LUTATHERA® is the first approved medicine from a class of drugs called peptide receptor radionuclide therapy (PRRT). It is a prescription treatment for adults with a type of cancer known as gastroenteropancreatic neuroendocrine tumors (GEP-NETs). GEP-NETs are neuroendocrine tumors of the stomach, gut, or pancreas that make somatostatin hormones, which may cause symptoms such as flushing and diarrhea. LUTATHERA targets those receptor-positive tumors.
How does LUTATHERA® work?
LUTATHERA uses radiation to damage the cancer cells that are positive for the hormone receptor somatostatin. It is given as an infusion and is made up of 2 parts.

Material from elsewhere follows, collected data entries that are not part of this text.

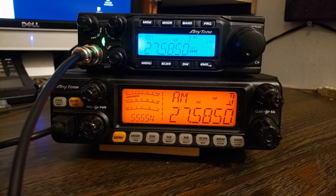Alright guys, I guess that's it. That'll cover the differences between these two radios. I hope the video helped you, and I'll see you next time.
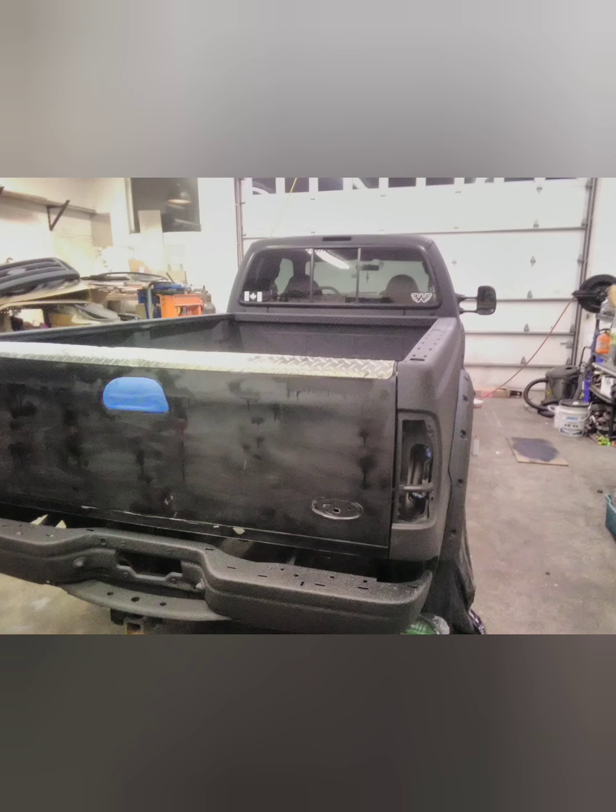Here is the tailgate I bought from a wreckage yard — it even came with a diamond plate cap on the top, all for $200 in almost mint condition. That was a good deal.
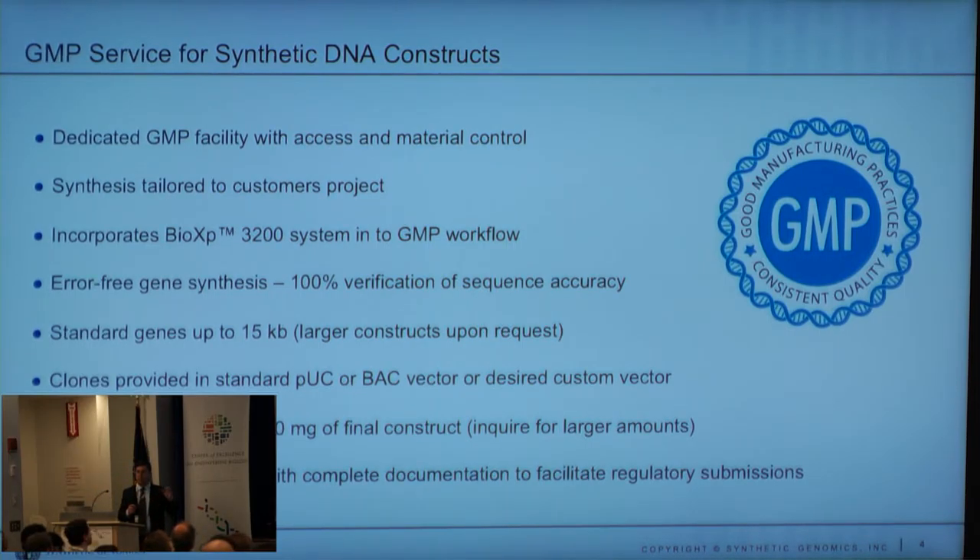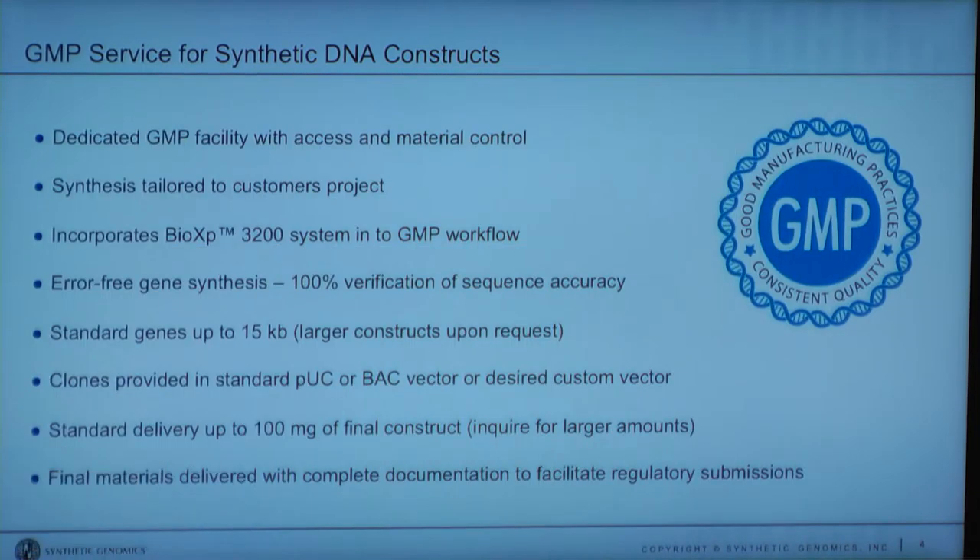We have customers that have put it into their own GMP suites. Instead of having a service lab or a large foundry to do the work, the instrument is roughly $60,000. It can do a million base pairs a month if you want to use it that much. You can just start doing the math with all the instruments we have out there and how many millions of base pairs can be built.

- A tumor-targeting part that binds to cancer cells that have somatostatin receptors.
- Once it binds to the cancer cells, it goes into the cell and releases radiation, which then causes damage to the cancer cell.
Effectiveness of LUTATHERA®
In a clinical trial of 229 patients that compared patients who received LUTATHERA in combination with 30-mg, long-acting octreotide, to those who received 60 mg of long-acting octreotide alone, LUTATHERA reduced the relative risk of the cancer getting worse or resulting in death by 79%. More patients treated with LUTATHERA had their tumors shrink or disappear compared with patients treated with 60 mg of long-acting octreotide alone.